Understanding operating-environment stressors
Unexpected failure rates of parts and equipment are often the result of unanticipated stressors encountered in the operating environment. Failed-parts analysis can provide insight into the nature of these stressors. This insight can result in hardening equipment in the field as well as improved design and/or equipment selection and testing for new installations. This applies not only to hardware and electronics, but also to software. Environmental stressors that can result in unforeseen software problems include events that lead to a lack of graceful shutdowns of computer applications, resulting in restart difficulties. Other issues are unforeseen failure modes of ancillary equipment that can result in saturation of databases due to excessive error messages or data-stream disruptions that create processing errors.

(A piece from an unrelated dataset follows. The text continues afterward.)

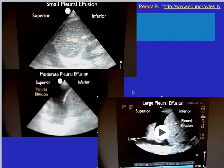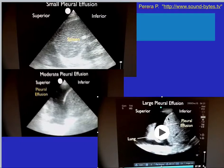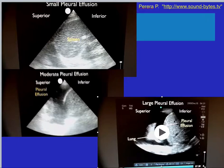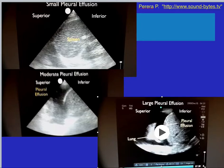One of the important things to remember: before evaluating the effusion, you must be able to identify the diaphragm and the chest and lung cavity. The way you do that is by showing the kidney-liver or kidney-spleen interface, then the liver or spleen by itself, then the diaphragm. The diaphragm is the most important structure to identify when evaluating for pleural effusions.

Environmental stressors can also include unforeseen corrosive environments (Fig. 4), excessive dust and grime leading to corrosion of your electronics (Fig. 5), and a broad array of problems related to electrical voltage or current overstress (Fig. 6). Although solutions are all issue-specific (e.g., alternative material selection to address corrosive environments, air-filtration to address dirt and grime, and voltage surge protection and board redesign to address electrical overstress), failure analysis accelerates the corrective-action process.

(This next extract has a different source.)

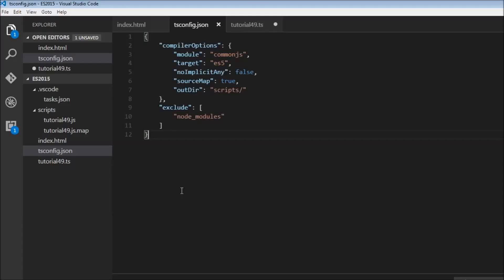Okay guys, welcome to tutorial number 49. Now, decorators are an experimental feature in TypeScript and may change in future releases. I want to briefly talk about it because they're currently being used in Angular 2.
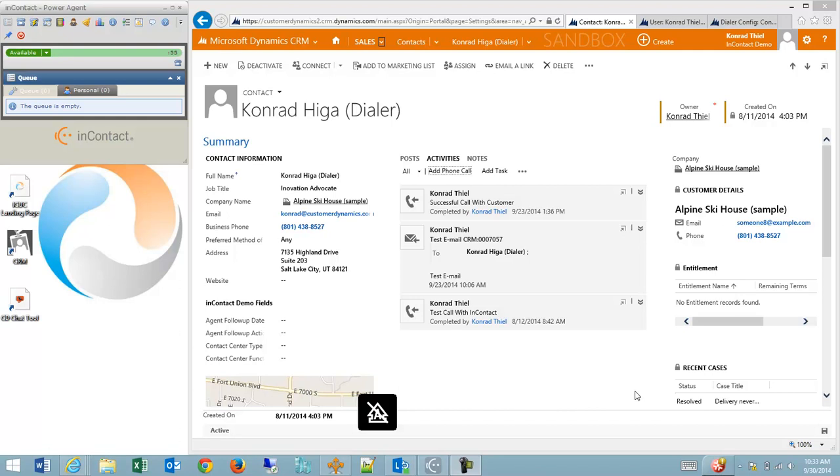Hello. In this video, I'm going to step through some of the features of our InContact to Microsoft Dynamics CRM Essentials integration package. Click to dial, screen pops, and basic call logging are featured in the Essentials package.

Failed-part analysis does more than identify failure mechanisms of field returns. A well-executed, routine, failed-part analysis can guide repair-level standardization, refinements in spares strategy to support standardized level of repair, and improvements in maintenance documentation and training to address weaknesses in maintenance performance. Finally, by providing insight on environmental stressors associated with operating environments, equipment hardening can be pursued for installed equipment, and more representative environmental conditions can be factored into design/build or procure/test processes for new installations. MT
Cody Hostick is an engineer with the National Security Directorate at the Pacific Northwest National Laboratory (PNNL) in Richland, WA. For more details, contact email@example.com or visit pnnl.gov.
About the Pacific Northwest National Laboratory
The mission of the Pacific Northwest National Laboratory (PNNL) is to “transform the world through courageous discovery and innovation,” according to its Website (pnnl.gov). The Department of Energy (DOE)-managed organization does so by providing the facilities and equipment that allow scientists and engineers to conduct research that will strengthen U.S. scientific foundations; increase U.S. energy capacity; reduce the effects of energy-generation and use on the environment; and prevent and counter acts of terrorism. Rigorous failed-part analysis is a routine component of its ongoing efforts.

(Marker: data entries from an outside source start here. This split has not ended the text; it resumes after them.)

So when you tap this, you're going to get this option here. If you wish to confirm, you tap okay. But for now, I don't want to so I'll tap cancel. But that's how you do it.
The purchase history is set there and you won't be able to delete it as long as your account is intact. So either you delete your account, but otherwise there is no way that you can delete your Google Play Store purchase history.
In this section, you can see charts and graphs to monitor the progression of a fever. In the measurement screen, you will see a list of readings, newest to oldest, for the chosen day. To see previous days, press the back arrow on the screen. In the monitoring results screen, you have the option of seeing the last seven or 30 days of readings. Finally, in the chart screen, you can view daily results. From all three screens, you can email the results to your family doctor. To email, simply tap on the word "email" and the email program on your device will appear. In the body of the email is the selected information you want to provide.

Recent PNNL innovations include a high energy-density zinc-polyiodide flow battery designed for storing renewable energy in densely populated cities; an injectable tracking device for fish; and a mobile-app guide to biodetection technology for first responders.
Based in Richland, WA, PNNL is one of 10 DOE National Laboratories managed by DOE’s Office of Science. In addition to solutions for the DOE, PNNL contributes to solutions for the U.S. Department of Homeland Security, the National Nuclear Security Administration, other government agencies, universities and industry.